▶ TASK GOAL: Search the data for the string "National" and extract every line where it appears.

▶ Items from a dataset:

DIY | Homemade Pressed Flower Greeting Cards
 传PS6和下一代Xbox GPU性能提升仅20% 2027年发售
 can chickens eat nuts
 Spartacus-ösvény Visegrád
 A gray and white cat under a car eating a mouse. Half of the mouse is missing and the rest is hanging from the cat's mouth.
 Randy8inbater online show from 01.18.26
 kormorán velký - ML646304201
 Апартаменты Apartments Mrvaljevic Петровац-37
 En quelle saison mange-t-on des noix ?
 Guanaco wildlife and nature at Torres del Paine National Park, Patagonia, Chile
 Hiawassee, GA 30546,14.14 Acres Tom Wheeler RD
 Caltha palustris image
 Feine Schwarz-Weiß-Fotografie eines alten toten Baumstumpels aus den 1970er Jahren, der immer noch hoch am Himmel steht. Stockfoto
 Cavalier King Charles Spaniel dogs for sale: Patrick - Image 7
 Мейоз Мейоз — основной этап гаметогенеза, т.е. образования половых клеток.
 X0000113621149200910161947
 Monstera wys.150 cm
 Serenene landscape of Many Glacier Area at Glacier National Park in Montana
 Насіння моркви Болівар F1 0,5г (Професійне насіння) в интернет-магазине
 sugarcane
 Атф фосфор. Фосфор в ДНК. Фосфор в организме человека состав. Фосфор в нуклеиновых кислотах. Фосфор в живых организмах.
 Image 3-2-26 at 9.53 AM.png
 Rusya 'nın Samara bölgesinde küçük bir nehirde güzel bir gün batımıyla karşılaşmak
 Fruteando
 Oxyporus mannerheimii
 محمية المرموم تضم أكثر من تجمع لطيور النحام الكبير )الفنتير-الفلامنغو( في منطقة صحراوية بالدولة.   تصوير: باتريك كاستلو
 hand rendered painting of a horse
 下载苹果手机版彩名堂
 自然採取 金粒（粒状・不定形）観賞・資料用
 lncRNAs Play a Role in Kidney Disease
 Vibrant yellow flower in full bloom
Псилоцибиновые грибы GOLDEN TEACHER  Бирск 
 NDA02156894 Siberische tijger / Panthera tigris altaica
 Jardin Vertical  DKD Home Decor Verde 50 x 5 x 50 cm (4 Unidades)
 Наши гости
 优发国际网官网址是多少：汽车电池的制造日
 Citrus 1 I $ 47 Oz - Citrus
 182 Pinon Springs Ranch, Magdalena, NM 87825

▶ EXPECTED ANSWER:
 Guanaco wildlife and nature at Torres del Paine National Park, Patagonia, Chile
 Serenene landscape of Many Glacier Area at Glacier National Park in Montana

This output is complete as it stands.